Nada tan agradable como el comedor, pintado de un color verde mar.

En uno de los extremos, una ninfa de mármol humedecía su pie en una pila en forma de concha. Por las ventanas abiertas se veía todo el jardín y el espeso césped, flanqueado por un añoso y casi destruido pino de Escocia; arriates acá y allá que daban a la superficie un desigual bombeamiento, y de la otra parte del río, el bosque de Boulogne, Neuilly, Sèvres, Meudon, que se abrían en un amplio semicírculo. Por último, enfrente, delante de la verja, un barco velero se deslizaba costeando.

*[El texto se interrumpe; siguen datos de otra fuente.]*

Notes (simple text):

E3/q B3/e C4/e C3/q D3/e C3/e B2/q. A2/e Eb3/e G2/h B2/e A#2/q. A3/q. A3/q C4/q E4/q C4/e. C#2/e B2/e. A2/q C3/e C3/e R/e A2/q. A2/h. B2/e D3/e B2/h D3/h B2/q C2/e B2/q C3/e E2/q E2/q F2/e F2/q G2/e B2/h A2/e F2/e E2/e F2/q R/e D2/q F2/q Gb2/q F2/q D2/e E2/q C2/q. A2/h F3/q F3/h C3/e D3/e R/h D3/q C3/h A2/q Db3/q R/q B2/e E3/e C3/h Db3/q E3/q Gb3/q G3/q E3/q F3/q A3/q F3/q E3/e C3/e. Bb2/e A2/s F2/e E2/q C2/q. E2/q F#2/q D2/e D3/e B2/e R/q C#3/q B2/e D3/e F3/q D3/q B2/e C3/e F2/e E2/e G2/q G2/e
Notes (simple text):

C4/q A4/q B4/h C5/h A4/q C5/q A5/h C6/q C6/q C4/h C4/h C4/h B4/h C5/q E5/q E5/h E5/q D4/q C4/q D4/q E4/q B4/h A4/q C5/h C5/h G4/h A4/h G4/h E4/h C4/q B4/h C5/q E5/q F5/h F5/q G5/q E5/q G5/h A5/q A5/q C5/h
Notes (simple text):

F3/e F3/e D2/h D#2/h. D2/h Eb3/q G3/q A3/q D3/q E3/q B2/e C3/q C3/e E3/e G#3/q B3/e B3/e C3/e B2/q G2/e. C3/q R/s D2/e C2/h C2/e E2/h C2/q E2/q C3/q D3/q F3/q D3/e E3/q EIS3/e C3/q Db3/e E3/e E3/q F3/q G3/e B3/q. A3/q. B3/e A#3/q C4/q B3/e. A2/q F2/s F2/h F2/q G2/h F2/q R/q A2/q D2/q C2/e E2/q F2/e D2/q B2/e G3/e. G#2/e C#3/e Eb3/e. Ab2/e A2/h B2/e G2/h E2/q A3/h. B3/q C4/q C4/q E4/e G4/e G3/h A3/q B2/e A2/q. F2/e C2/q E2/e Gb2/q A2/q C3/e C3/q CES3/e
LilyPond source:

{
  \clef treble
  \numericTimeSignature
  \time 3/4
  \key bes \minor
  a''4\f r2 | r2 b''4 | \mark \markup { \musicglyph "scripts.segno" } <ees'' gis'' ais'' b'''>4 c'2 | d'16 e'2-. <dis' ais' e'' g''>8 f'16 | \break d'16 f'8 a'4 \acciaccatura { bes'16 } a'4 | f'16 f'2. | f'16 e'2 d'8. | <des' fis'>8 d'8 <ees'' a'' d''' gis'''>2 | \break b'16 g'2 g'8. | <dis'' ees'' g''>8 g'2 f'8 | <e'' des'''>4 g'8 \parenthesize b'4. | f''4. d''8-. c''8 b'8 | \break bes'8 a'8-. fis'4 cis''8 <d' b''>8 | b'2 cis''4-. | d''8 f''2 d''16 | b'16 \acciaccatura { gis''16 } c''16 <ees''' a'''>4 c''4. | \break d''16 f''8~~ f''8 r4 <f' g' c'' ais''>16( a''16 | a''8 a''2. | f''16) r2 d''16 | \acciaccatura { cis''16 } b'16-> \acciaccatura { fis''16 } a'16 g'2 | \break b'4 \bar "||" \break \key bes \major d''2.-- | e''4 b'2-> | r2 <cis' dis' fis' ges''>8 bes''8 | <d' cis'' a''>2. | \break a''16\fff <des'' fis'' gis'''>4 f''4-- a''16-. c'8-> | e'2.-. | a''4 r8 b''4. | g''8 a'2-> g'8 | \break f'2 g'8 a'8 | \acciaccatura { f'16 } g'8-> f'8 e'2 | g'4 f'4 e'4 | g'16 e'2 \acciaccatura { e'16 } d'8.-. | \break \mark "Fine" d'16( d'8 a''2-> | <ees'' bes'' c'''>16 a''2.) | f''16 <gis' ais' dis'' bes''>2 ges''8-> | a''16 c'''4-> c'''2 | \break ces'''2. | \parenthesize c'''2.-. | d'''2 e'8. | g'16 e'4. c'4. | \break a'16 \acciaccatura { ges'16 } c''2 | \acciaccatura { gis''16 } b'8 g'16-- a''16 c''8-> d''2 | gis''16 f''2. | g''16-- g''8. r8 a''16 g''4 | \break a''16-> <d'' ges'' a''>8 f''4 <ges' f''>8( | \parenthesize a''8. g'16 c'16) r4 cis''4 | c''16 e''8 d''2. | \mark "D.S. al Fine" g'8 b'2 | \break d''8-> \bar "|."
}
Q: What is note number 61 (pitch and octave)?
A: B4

Primeramente se habló del panorama que desde allí se ofrecía, y luego del paisaje en general, y cuando las discusiones dieron principio, Arnoux dio a su criado la orden de enganchar el coche para las nueve y media. Una carta de su cajero según dijo le obligaba a ausentarse.

—¿Quieres que me vaya contigo? —dijo su mujer.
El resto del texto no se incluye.